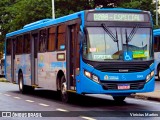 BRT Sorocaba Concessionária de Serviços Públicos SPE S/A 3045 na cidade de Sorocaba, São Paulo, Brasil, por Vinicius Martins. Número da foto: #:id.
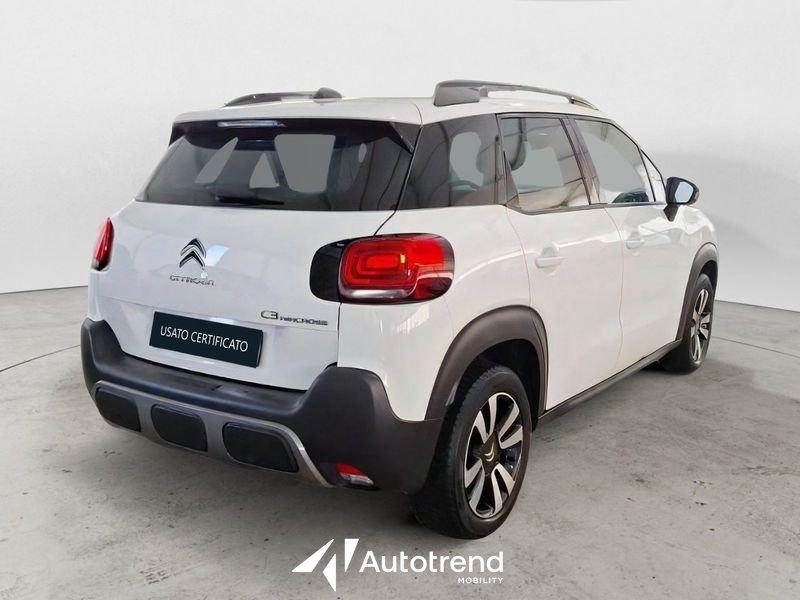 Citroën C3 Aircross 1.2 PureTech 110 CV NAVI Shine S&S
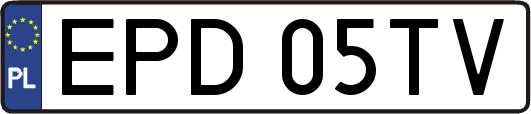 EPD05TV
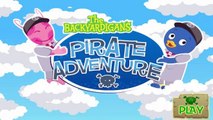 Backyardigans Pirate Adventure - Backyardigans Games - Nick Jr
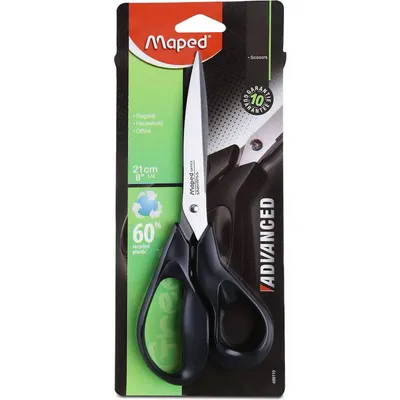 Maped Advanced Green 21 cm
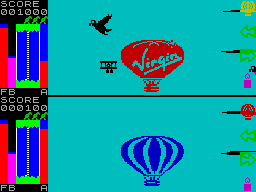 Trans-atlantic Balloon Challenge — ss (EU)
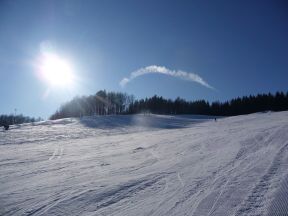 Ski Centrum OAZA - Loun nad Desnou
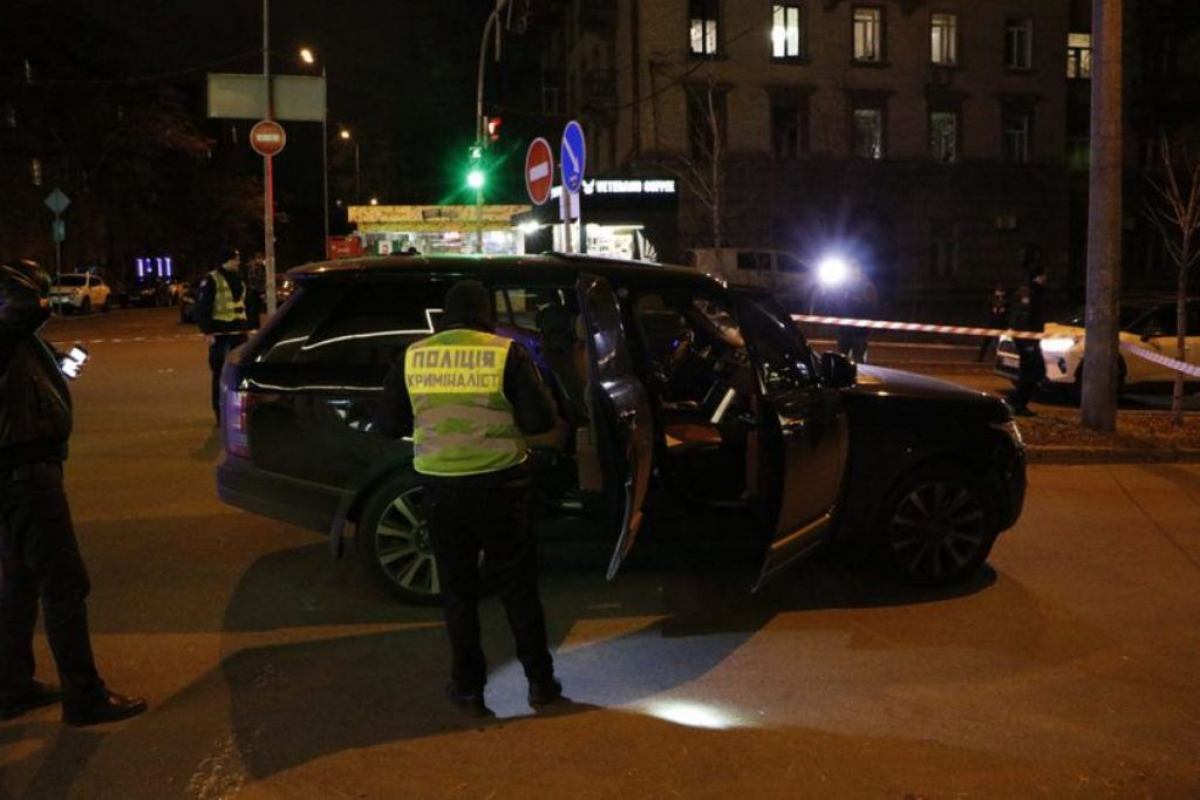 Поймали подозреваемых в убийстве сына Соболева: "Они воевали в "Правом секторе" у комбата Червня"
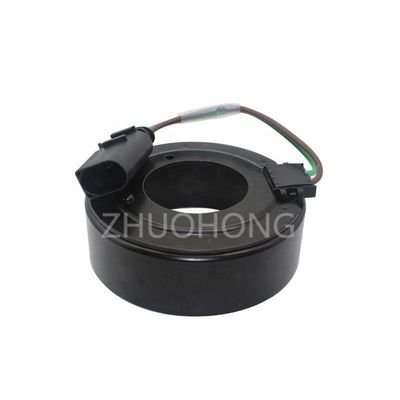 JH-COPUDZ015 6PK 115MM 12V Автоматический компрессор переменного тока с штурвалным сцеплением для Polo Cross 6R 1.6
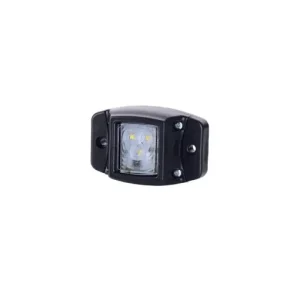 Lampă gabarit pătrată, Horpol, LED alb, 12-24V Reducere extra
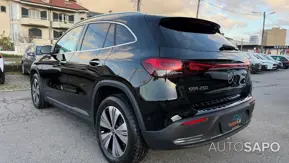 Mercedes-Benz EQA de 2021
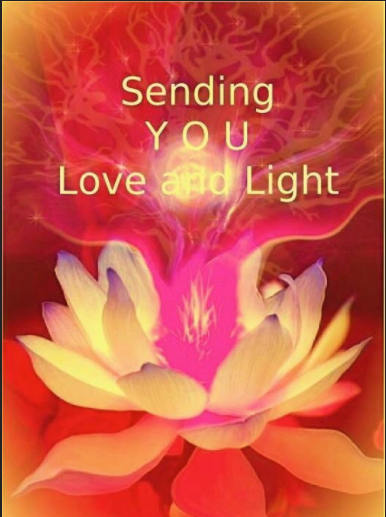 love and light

________________________

* Requirement
Once the pictures are dropped, please print every remaining line of the material verbatim.

* Your solution
 BRT Sorocaba Concessionária de Serviços Públicos SPE S/A 3045 na cidade de Sorocaba, São Paulo, Brasil, por Vinicius Martins. Número da foto: #:id.
 Citroën C3 Aircross 1.2 PureTech 110 CV NAVI Shine S&S
 EPD05TV
 Backyardigans Pirate Adventure - Backyardigans Games - Nick Jr
 Maped Advanced Green 21 cm
 Trans-atlantic Balloon Challenge — ss (EU)
 Ski Centrum OAZA - Loun nad Desnou
 Поймали подозреваемых в убийстве сына Соболева: "Они воевали в "Правом секторе" у комбата Червня"
 JH-COPUDZ015 6PK 115MM 12V Автоматический компрессор переменного тока с штурвалным сцеплением для Polo Cross 6R 1.6
 Lampă gabarit pătrată, Horpol, LED alb, 12-24V Reducere extra
 Mercedes-Benz EQA de 2021
 love and light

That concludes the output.